Dion Macellari ’83 Makes Art for Hollywood Characters


Scenic artist Dion Macellari ’83 was once hired to make bad art for the CBS comedy The Unicorn, and, when the showrunner complained that the piece was too well painted, Macellari returned to make it look worse.

On another occasion, for the Showtime dramedy United States of Tara, Macellari had to destroy a mural he created by carving an obscenity into it, just so the show’s main character, played by Toni Collette, could pretend to do the same thing.

Working in Hollywood “keeps your ego in check,” he says wryly.

Macellari didn’t set out to be a Hollywood artist. In fact, he didn’t want to be an artist at all. Raised by a sculptor father and an actress mother, he once hoped to be almost anything else.

“I didn’t want to be like my dad,” he recalls. “Then, when I got out of school, I realized I had no talent whatsoever — except art.”

Macellari grew up in Greenwich Village and Tribeca; his father had a two-story loft in a building so run-down it had a sign to let first responders know people lived there. At the College, Macellari studied French language and literature, which he calls “the path of least resistance,” because he had taken the language as a high school student. He also co-captained the lightweight crew and did illustrations for the College’s humor magazine, Jester.

In 1987, Macellari finished a master’s in painting from Hunter College. He planned to teach but instead took a job working on pharmaceutical advertisements. In 1991, he moved to Los Angeles and airbrushed record covers for Tower Records until he landed a gig making massive hand-painted theatrical backdrops for performers including Madonna, The Shins and Bon Jovi.

“It fell right in with what I could do really well, which is paint fast and realistically,” he says. “If you have to [paint] 50 feet in three days, you can’t overthink it. Or you can, but then you don’t get any more work.”

Macellari makes non-commercial art, too: He contributed mixed-media work to the book Almost All Lies Are Pocket Size; copies are owned by the de Young museum in San Francisco, The Museum of Modern Art in New York and the Victoria and Albert Museum in London.

He says connections — and especially his membership in the Art Directors Guild — helped launch his Hollywood career, which has been going strong now for more than 15 years.

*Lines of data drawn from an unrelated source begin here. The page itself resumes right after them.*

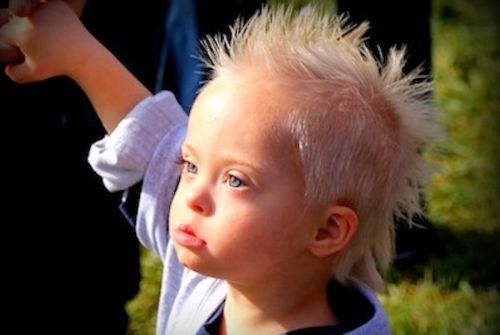 Little, bright blue-eyed boy with Down syndrome.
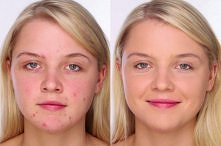 Jak naturalnie zakamuflowac trądzik?

Makijaż BEZ grubej warstwy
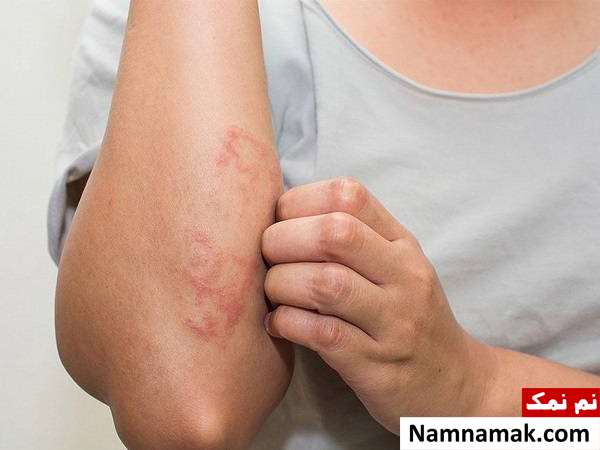 ابتلا به کهیر و آنژیوادم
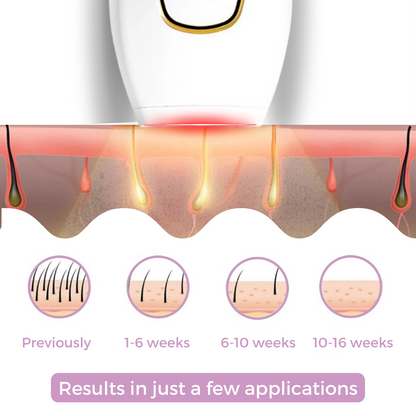 Mini Laser Hair Remover
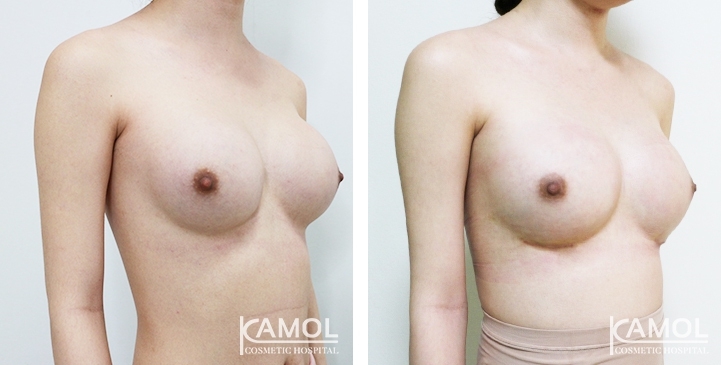 Before and After breast implant revision by upward correction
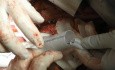Operacja tętniaka aorty piersiowo-brzusznej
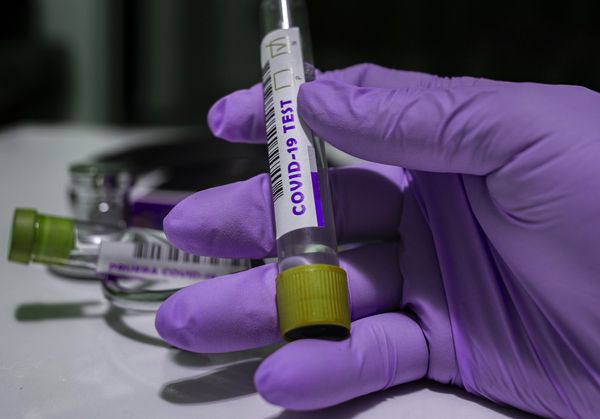 Итальянские учёные выяснили правду о смертности от коронавируса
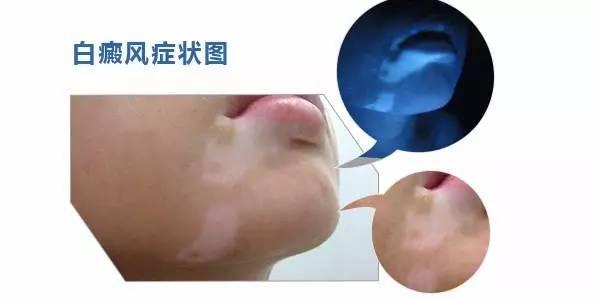 上海治疗白癜风：面部是儿童白癜风的高发部位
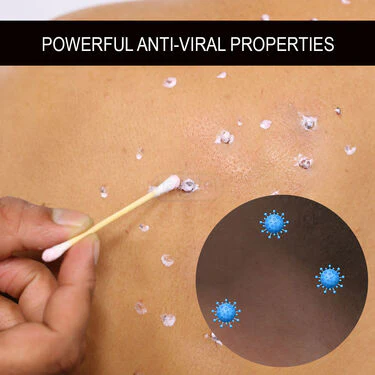 Ayurvedic Massa Removal Cream - Image 4
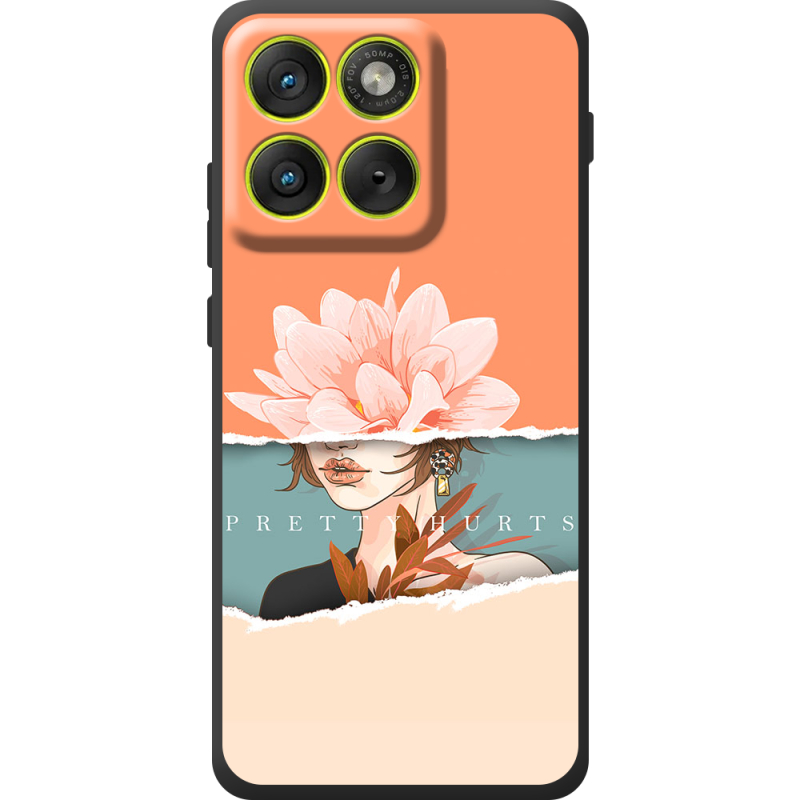 Чохол BoxFace Moto Edge 70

He has worked on all kinds of television shows, including New Girl and Dead to Me, and the film 500 Days of Summer. Macellari describes his work as “dark” and “creepy”; the characters he creates for are often troubled or brooding. To get into their mindsets, he receives advance copies of scripts and background notes on the parts he’s helping bring to life. But he says he prefers less information, rather than more.

“If I think too much, I’m going to go off course,” he says. “Whatever your first thought is [for a piece], that’s probably the right one.”

Rebecca Beyer is a writer and editor living in Medford, Mass.